The minutes ticked away. At first Honey was impatient, wondering how long Booker and Rosie would keep this up. Then she noticed that the friend who’d come along with them had started to cry as well. She stopped thinking about how much time was passing by and started thinking about family. She figured she might’ve felt the same way if she hadn’t seen her own mother for so many years. She realized then that some people just don’t know how important it is to have a family. Even if all you have is a cousin here or there, that’s still a blessing. People might argue, but you can’t take it to heart, not if it’s family. To her surprise, Honey found herself crying as well.
Thirty minutes would pass before Booker and Rosie finally let go of each other. They climbed into the car and headed for Booker’s Place. When they arrived, the food had been laid out nicely. Booker took a plate and served Rosie. He wanted her to get the first bite of every dish. And even though all the guests invited already knew what the occasion was, Booker kept introducing Rosie to people and saying, “This my mama,” as though finally being able to say those words felt so good that he wanted to do it again and again.
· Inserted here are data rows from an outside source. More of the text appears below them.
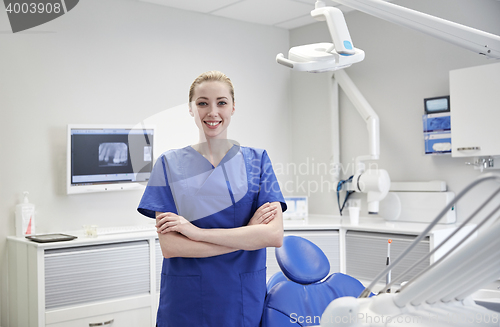 Image of happy young female dentist at dental clinic office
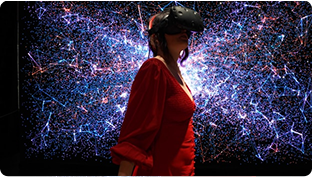 Person wearing a virtual reality headset in front of a colorful digital network visualization.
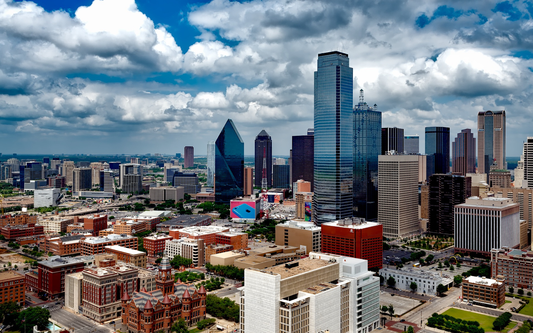 Aerial view of downtown Dallas with glass skyscrapers, red-brick historic courthouse in the foreground, and dramatic cloudy sky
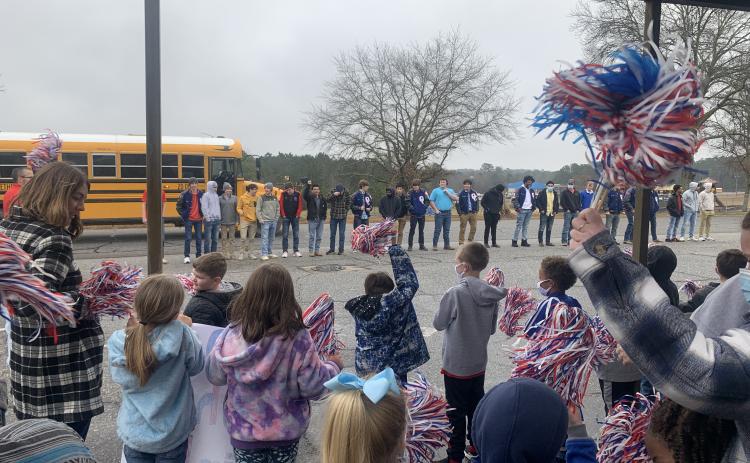 Oglethorpe County Primary School students show off their poster during a sendoff for the OCHS wrestling team. (Meredith Boyd/The Oglethorpe Echo)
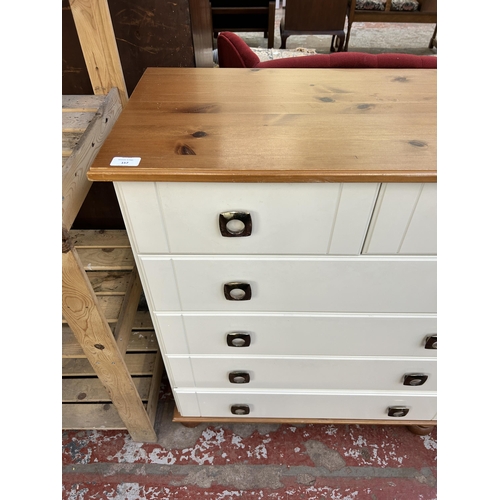 157 - A modern pine effect and white laminate chest of drawers - approx. 91cm high x 82cm wide x 40cm deep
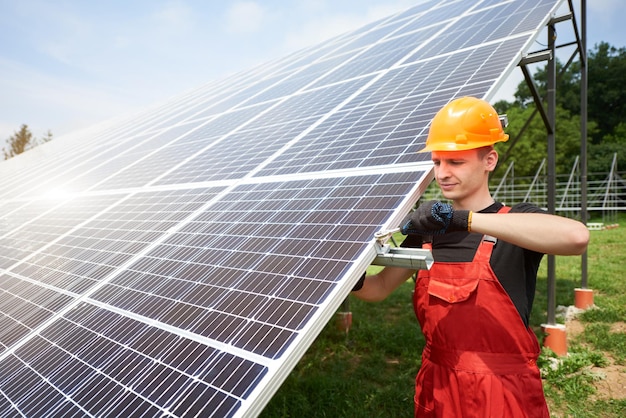 Técnico masculino comprueba el mantenimiento de los paneles solares Tapa de seguridad naranja en la cabeza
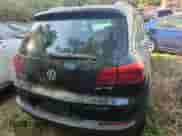 2015 Volkswagen Tiguan S with VIN WVGAV7AX6FW592015, listed as a IAAI auction lot 41897520 with 104,355 mi miles and . Bid and sale history available at DreamBid. Image 4.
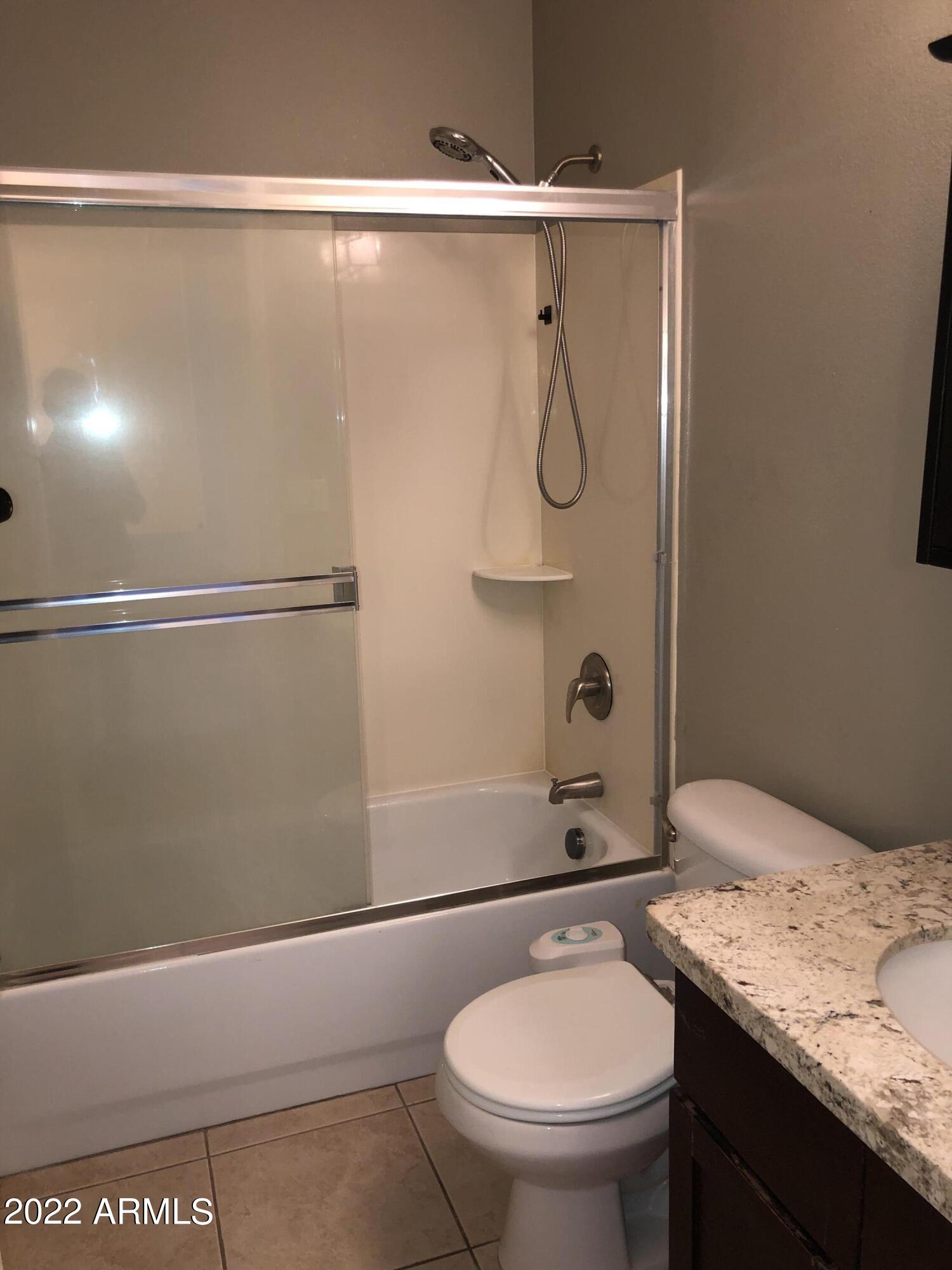 8211 E GARFIELD Street Unit: J13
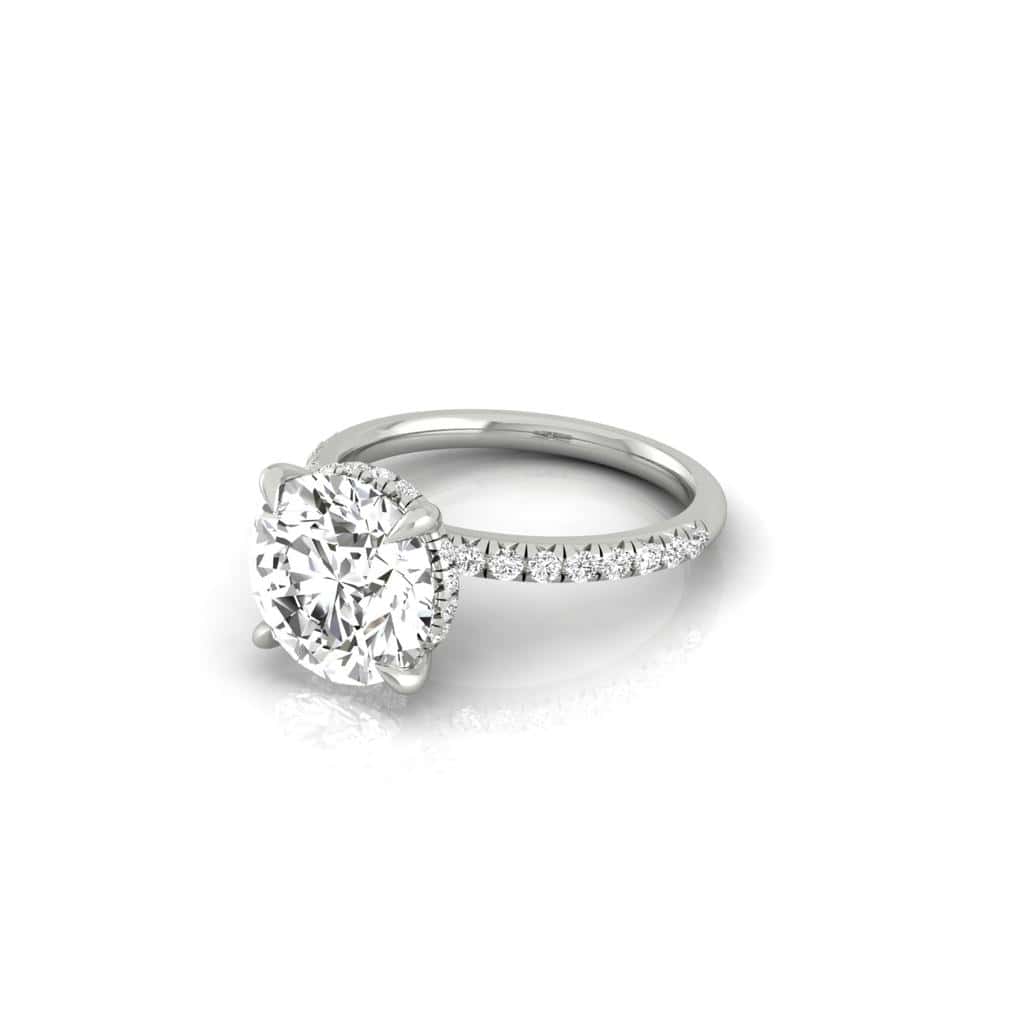 The Amélie + Full Halo Ring from Janet Heller Fine Jewelry features a single prong-set center diamond with a full halo of diamonds, set on a French Pavé band adorned with small diamonds. The ring can be worn alone or stacked with your wedding band.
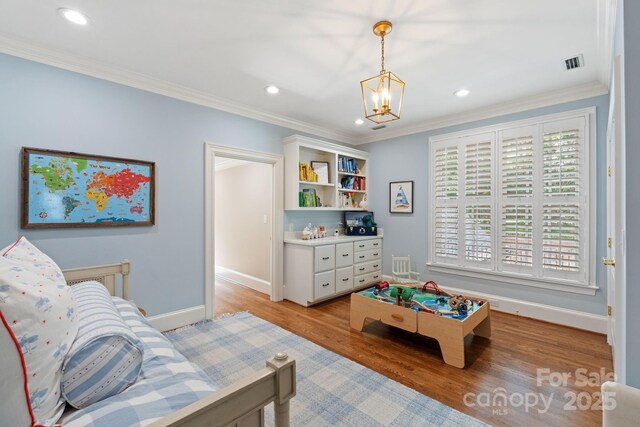2954 Reynolds Sq, Winston Salem, NC 27106 - living room featuring light wood finished floors, ornamental molding, a chandelier, baseboards, and recessed lighting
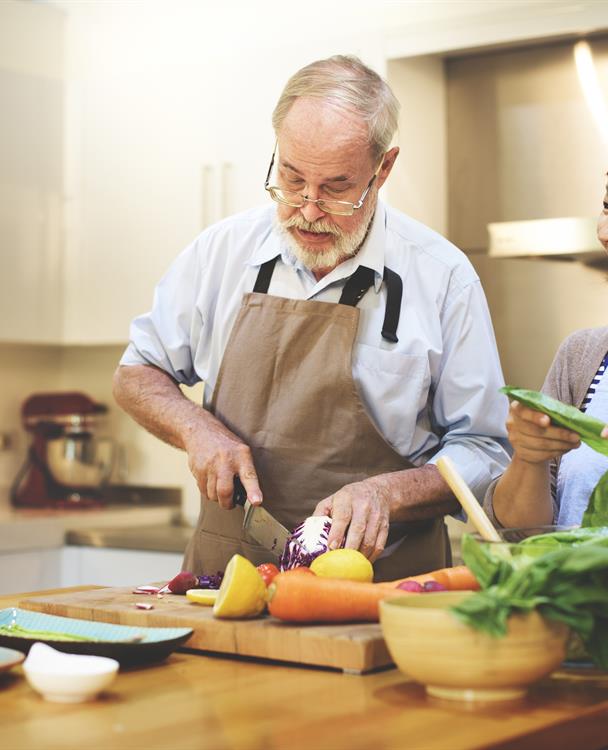 photo of a family cooking in the kitchen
After lunch, Booker, Rosie, Honey, and the friend who’d gone to the station with them all climbed back into Booker’s car and headed to Clarksdale so that Rosie could introduce Booker to some family she had there. They stayed in Clarksdale talking, laughing, and telling stories until seven o’clock the next morning.
Instead of heading back to Greenwood, Booker wanted to take Rosie to Grenada to see Julia, the woman who was responsible for bringing the two of them back together. On the way there, Honey sat in the front passenger seat, while their friend drove the car. Booker and Rosie were on the backseat where they sat together silently crying and kissing each other.
* * *
IT WAS DIFFICULT FOR me to tell the entire story to Raymond without tearing up. I knew what it was like to feel rootless, like you don’t belong to anything or anyone. Booker spent his entire life feeling unwanted by his mother and unworthy of her love. The moment that I always tried to picture in my mind was the one of him sitting on a stool and crying into the phone. He was at Booker’s Place, the place where he was king, but in spite of all of his success there was something broken inside him that could be healed only by what he learned on that phone call. He was wanted. In that one call, in that one moment, he found redemption. He opened up the envelope of his boyhood heart, and his mother filled it with a story of never wanting to let him go. She had not chosen to abandon him. She had not left him on a doorstep. I felt that Booker and I had similar longings, a song sung in two-part harmony, our voices so close that a listener could never discern where his stopped and mine started. I understood what it was like to feel a loneliness that can only be cured by having family, by having someone who makes you feel tethered to the world.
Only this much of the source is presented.